A table listing the discriminant ordering between the three orthogonalized variables and the original high level variables is shown in figure 5.

Fig. 5: Comparison of the similarity of classification by original high level variable and orthogonalized versions.

My worked showed some success in learning high level variables that can both classify and be orthogonal with the other variables. However, the results are not perfectly able to replicate the classifying power of the original high level variables and having zero similarity with the other variables.

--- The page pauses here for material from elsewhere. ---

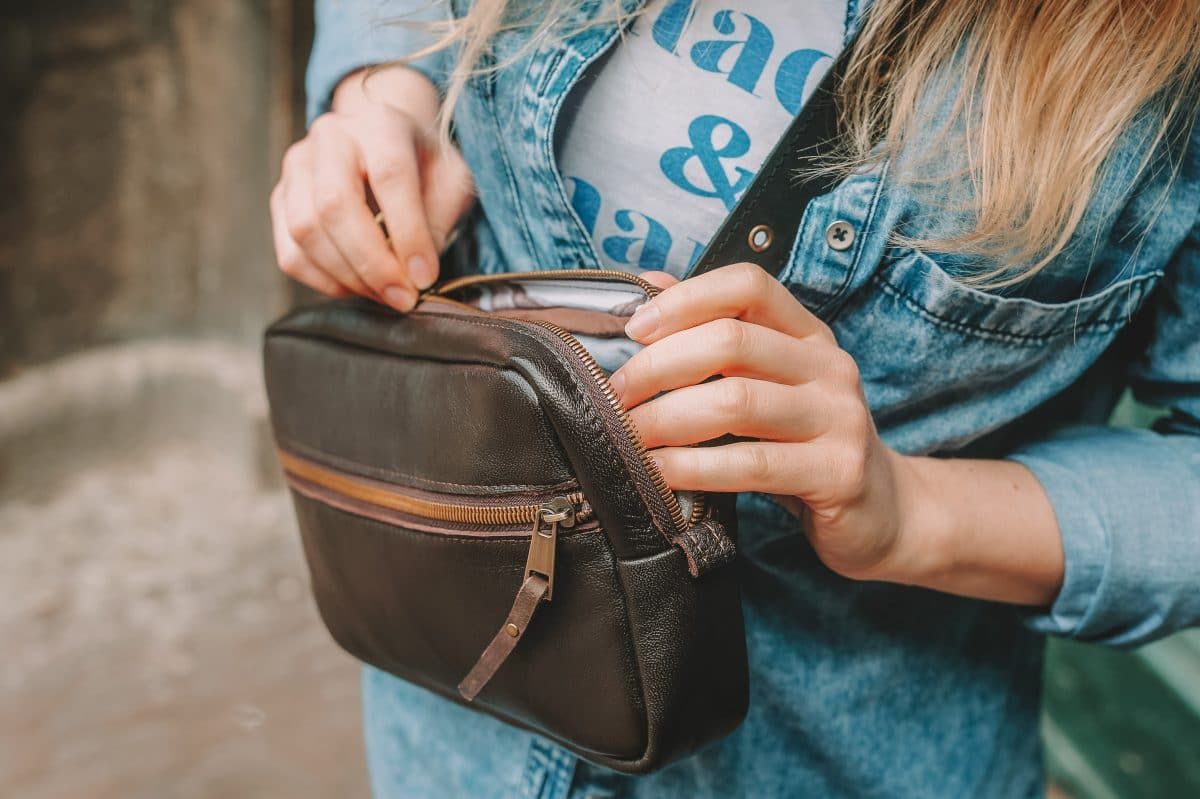 Close up of a blonde woman unzipping a small, brown leather purse.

After learning the 3 orthogonal, high level variables, I then compared them to $\tau$ functional space as previously defined. The comparison against the $\tau_1$ showed showed no telling results. Figure 6 shows the comparison between the orthogonal variables and $\tau_2$ at points in the parameter space.

Fig. 6: Comparison of the three orthogonalized high level variables with points in the functional space defined by two parameters.

We see that $\hat{M}_{jet}$ and $\hat{C}_2^{\beta=2}$ have somewhat significant discriminant orderings with points in $\tau_2$ space.

We leave the interpretation of the above results for others. Note: we limit the search in parameter space as shown in the figures due to computational resources. Future work could include exploring larger parts of this space and spaces of higher dimensionality.

Conclusion

Neural networks are strong. Often, better at tasks than expert humans.

But, that doesn't mean that humans should just consider physics too hard and let these machines handle all the complicated things. We should be able to use these computers to help provide insight into these complex tasks in order to help augment our own understanding instead of surrendering modalities of thinking. In this post, I showed only a small method for how the output of neural networks can be interpreted for physicists to make sense of. But the research involved in neural network interpretation is wide ranging and only growing with time. Future work includes exploring these areas to understand what specifically the neural network used from the input to makes its decision and how each hidden layer effects that input to arrive at its decision. Much progress is still needed. Many questions remain. It's an exciting time in research.

The paper containing this work is currently being prepared for submission.

Written on July 1, 2018